Ransom Note Algorithm
Can you build the ransom note using only letters from the magazine? Each letter in the magazine can only be used once.
29 Mar 2024

Can you build the ransom note using only letters from the magazine? Each letter in the magazine can only be used once.
Input: ransomNote = "a", magazine = "b"
Output: false
Input: ransomNote = "aa", magazine = "aab"
Output: true
The intuition
Count the available letters in the magazine. Then check if the ransom note's letters fit within those counts. If any letter in the note exceeds what's available, return false.
The quick approach
var canConstruct = function(ransomNote, magazine) {
for (const char of magazine) {
ransomNote = ransomNote.replace(char, "");
}
return ransomNote.length === 0;
};
This works but is O(n * m) — replace scans the string each time. Fine for short strings, not great at scale.
The better approach
Use a frequency map:
var canConstruct = function(ransomNote, magazine) {
const counts = {};
for (const char of magazine) {
counts[char] = (counts[char] || 0) + 1;
}
for (const char of ransomNote) {
if (!counts[char] || counts[char] === 0) return false;
counts[char]--;
}
return true;
};
Complexity
Frequency map approach:
- Time: O(n + m) — one pass through each string.

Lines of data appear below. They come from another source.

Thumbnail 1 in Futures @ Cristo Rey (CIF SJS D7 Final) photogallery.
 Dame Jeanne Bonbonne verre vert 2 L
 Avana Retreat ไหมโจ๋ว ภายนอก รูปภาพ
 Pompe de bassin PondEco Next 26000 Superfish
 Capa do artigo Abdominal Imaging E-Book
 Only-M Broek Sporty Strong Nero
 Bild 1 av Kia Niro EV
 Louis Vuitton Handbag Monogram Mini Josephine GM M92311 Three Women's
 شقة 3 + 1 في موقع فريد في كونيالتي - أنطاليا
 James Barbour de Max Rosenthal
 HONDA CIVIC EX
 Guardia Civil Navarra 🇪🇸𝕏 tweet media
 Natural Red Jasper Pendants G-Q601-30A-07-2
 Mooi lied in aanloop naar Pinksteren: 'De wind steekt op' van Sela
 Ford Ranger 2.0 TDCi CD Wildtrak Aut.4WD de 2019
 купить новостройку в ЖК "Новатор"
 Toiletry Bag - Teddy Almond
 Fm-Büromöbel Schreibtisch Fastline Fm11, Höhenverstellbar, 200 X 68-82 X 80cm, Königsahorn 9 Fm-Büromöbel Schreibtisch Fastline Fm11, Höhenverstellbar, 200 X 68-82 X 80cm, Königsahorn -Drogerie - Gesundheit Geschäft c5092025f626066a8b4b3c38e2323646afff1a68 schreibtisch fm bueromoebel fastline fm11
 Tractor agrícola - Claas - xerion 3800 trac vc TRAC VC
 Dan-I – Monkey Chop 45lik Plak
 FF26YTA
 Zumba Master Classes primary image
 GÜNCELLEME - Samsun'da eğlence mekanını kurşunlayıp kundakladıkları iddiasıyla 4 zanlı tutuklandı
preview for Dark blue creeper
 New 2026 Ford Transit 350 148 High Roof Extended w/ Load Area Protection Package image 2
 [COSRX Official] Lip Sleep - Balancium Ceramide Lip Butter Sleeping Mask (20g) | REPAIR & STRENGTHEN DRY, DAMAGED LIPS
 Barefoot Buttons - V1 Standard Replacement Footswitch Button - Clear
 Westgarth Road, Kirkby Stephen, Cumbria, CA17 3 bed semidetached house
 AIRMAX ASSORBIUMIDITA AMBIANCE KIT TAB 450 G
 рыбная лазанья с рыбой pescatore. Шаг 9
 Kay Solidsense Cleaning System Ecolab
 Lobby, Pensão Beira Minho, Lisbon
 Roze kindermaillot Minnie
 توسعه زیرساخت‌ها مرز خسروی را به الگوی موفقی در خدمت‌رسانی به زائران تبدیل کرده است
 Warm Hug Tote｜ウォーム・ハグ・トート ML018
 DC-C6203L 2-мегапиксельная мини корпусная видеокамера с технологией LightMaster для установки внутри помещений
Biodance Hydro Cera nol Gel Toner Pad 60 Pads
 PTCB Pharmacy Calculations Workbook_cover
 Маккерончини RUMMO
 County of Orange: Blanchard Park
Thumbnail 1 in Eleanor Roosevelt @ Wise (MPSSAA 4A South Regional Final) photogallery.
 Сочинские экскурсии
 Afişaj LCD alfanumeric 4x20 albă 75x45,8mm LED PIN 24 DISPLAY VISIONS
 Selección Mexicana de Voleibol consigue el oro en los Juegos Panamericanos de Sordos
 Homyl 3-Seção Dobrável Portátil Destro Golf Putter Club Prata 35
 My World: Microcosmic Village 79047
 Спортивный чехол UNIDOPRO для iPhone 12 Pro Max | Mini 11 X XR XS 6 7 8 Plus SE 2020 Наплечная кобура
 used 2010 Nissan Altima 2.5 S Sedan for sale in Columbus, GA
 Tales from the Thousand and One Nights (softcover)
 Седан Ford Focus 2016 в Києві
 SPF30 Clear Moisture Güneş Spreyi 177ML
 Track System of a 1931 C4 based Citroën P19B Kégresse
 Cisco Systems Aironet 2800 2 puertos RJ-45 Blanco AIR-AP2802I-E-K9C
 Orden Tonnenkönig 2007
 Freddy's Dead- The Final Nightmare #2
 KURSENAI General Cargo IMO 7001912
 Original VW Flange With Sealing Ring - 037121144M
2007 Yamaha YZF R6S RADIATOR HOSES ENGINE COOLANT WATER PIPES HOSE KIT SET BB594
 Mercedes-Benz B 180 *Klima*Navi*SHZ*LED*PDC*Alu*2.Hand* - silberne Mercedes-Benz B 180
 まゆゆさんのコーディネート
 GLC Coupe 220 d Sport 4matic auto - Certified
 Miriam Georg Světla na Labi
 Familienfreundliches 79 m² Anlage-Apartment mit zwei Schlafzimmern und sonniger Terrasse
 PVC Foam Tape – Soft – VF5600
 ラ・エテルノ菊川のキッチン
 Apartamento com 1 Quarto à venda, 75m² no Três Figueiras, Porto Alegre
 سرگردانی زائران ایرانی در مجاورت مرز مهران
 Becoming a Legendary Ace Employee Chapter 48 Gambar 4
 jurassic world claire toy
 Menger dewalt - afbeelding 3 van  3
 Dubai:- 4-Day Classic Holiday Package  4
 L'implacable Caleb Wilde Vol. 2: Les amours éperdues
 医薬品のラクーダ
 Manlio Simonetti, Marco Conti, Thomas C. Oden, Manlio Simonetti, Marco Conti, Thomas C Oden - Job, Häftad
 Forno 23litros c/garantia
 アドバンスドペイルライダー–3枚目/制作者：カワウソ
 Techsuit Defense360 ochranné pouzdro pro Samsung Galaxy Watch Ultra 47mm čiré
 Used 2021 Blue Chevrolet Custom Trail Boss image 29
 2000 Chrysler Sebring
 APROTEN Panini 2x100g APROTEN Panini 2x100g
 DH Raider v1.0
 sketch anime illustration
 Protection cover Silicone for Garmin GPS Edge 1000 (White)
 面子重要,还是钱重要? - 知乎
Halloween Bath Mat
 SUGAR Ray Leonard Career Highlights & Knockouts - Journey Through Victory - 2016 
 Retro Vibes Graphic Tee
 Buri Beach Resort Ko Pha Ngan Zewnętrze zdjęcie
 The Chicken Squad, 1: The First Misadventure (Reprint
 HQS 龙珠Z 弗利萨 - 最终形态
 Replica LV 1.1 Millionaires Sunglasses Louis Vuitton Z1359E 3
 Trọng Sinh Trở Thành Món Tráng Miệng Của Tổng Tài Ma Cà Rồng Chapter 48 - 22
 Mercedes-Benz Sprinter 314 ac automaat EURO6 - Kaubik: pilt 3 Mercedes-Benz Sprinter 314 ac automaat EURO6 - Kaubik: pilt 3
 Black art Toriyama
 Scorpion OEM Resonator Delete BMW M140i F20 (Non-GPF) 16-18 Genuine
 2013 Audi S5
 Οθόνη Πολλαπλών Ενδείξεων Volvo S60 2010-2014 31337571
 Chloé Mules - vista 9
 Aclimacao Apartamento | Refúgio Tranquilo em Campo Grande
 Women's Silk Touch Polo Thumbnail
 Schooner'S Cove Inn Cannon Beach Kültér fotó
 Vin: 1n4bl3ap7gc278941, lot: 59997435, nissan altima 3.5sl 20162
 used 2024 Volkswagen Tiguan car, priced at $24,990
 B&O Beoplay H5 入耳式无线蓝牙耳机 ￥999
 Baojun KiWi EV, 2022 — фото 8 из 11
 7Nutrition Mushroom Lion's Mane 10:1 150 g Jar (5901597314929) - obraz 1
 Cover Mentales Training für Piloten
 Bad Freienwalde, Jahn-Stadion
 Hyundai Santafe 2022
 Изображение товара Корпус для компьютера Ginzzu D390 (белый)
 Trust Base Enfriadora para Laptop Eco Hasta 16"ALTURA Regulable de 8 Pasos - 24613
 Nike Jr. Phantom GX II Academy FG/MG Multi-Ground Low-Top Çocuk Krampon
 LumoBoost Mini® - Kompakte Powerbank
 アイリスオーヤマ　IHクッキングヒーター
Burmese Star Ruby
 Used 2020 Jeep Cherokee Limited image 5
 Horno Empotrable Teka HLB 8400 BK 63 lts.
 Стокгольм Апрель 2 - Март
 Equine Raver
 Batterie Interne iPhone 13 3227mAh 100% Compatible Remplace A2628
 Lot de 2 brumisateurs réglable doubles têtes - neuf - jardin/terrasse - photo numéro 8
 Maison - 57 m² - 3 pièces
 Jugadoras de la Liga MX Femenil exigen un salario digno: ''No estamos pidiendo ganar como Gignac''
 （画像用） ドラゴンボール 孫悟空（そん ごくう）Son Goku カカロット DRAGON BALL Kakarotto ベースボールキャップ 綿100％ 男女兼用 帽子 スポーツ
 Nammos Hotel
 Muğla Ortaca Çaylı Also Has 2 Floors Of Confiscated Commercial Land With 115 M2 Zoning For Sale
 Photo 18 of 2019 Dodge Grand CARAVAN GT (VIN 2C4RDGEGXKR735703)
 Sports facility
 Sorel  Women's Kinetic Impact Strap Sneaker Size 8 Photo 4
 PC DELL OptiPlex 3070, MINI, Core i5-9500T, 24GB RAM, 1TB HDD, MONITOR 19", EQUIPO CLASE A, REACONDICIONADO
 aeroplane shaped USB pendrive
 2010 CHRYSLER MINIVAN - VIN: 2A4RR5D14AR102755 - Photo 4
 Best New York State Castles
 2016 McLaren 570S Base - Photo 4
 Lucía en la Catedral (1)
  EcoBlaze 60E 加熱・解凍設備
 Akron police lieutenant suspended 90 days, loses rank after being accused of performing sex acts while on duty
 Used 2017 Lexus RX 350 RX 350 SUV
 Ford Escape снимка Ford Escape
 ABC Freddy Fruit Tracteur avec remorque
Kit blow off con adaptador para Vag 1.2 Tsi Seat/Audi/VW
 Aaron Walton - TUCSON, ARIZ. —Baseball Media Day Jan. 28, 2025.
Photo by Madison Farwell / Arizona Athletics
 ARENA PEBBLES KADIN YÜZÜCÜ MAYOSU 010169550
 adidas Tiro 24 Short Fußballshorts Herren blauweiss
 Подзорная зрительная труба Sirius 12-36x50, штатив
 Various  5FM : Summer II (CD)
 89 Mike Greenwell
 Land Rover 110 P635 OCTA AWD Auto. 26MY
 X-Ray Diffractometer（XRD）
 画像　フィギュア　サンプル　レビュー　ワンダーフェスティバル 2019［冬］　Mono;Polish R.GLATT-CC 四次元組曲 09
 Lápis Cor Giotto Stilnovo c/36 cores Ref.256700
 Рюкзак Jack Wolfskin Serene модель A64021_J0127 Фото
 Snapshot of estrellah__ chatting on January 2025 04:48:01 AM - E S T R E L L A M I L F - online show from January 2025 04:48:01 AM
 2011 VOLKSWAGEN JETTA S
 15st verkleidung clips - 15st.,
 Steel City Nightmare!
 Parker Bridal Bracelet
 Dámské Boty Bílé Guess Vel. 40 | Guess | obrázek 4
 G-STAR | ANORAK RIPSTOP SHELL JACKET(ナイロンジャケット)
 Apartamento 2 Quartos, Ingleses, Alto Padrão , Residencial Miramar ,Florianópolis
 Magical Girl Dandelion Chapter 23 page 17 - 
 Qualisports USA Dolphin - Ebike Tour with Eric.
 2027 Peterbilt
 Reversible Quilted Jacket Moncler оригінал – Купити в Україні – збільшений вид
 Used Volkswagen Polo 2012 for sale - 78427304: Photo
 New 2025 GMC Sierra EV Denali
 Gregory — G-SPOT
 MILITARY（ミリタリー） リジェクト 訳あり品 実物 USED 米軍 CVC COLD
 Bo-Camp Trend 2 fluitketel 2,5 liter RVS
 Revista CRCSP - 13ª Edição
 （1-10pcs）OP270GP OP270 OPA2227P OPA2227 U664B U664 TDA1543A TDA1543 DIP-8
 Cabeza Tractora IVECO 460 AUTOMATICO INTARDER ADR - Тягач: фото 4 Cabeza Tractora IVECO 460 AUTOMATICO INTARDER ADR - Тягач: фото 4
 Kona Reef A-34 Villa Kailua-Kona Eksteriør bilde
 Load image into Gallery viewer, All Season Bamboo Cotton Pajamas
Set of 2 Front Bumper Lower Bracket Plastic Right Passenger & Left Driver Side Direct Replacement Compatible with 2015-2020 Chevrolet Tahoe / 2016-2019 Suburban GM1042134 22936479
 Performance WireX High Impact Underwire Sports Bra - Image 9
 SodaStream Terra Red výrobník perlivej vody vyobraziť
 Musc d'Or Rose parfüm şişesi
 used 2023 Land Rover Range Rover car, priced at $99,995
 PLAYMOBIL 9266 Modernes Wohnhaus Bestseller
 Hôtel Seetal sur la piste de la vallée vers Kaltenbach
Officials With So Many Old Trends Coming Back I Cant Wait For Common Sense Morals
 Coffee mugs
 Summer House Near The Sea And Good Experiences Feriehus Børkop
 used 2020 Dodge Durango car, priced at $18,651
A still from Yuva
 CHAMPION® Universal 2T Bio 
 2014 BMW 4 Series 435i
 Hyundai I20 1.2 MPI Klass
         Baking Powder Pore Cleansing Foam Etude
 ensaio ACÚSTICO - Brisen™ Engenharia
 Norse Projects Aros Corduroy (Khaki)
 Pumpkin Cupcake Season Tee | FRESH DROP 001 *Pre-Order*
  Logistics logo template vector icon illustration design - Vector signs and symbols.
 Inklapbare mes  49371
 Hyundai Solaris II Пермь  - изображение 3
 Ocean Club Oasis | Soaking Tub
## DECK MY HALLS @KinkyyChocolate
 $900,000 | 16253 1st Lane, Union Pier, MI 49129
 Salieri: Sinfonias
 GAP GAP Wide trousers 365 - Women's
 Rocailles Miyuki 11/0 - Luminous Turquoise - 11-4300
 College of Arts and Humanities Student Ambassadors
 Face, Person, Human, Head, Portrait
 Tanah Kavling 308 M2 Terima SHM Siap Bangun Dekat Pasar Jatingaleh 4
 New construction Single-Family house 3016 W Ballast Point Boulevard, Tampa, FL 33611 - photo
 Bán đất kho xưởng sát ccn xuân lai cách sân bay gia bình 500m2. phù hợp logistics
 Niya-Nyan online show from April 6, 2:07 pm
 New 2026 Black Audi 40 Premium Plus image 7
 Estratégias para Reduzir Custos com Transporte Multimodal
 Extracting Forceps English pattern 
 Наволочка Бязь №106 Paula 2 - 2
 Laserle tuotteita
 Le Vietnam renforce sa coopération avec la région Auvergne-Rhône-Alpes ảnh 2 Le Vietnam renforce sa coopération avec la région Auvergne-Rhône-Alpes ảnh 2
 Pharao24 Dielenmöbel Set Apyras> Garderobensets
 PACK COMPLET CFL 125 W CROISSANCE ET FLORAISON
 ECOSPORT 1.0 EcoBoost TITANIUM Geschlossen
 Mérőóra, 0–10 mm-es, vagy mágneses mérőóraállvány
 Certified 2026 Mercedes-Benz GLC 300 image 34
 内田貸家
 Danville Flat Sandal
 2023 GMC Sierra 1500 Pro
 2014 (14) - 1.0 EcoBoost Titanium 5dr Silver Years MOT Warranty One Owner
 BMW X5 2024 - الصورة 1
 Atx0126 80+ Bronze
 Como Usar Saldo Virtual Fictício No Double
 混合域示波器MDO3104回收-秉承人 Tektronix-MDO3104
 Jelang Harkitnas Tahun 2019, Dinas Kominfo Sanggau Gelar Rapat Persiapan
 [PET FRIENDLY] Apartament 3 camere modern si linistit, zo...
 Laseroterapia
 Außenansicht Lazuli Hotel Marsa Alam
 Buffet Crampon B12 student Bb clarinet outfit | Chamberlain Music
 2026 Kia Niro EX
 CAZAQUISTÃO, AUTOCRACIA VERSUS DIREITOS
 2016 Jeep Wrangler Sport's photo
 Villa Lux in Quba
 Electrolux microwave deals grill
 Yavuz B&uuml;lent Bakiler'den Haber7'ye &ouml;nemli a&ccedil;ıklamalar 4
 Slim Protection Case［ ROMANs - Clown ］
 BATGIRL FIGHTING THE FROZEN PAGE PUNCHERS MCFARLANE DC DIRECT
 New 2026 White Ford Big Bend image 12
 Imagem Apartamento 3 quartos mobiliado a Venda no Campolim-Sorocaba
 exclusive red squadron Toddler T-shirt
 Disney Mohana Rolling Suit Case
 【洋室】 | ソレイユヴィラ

- Space: O(1) — the map holds at most 26 entries (lowercase English letters).
Replace approach:
- Time: O(n * m) — each
replacecall scans the remaining string. - Space: O(n) — string immutability means new strings are created.
Trade-offs
The replace approach is fewer lines of code and easy to read. The frequency map is the proper solution — it's what an interviewer expects. In production, string manipulation with replace in a loop is a red flag for performance.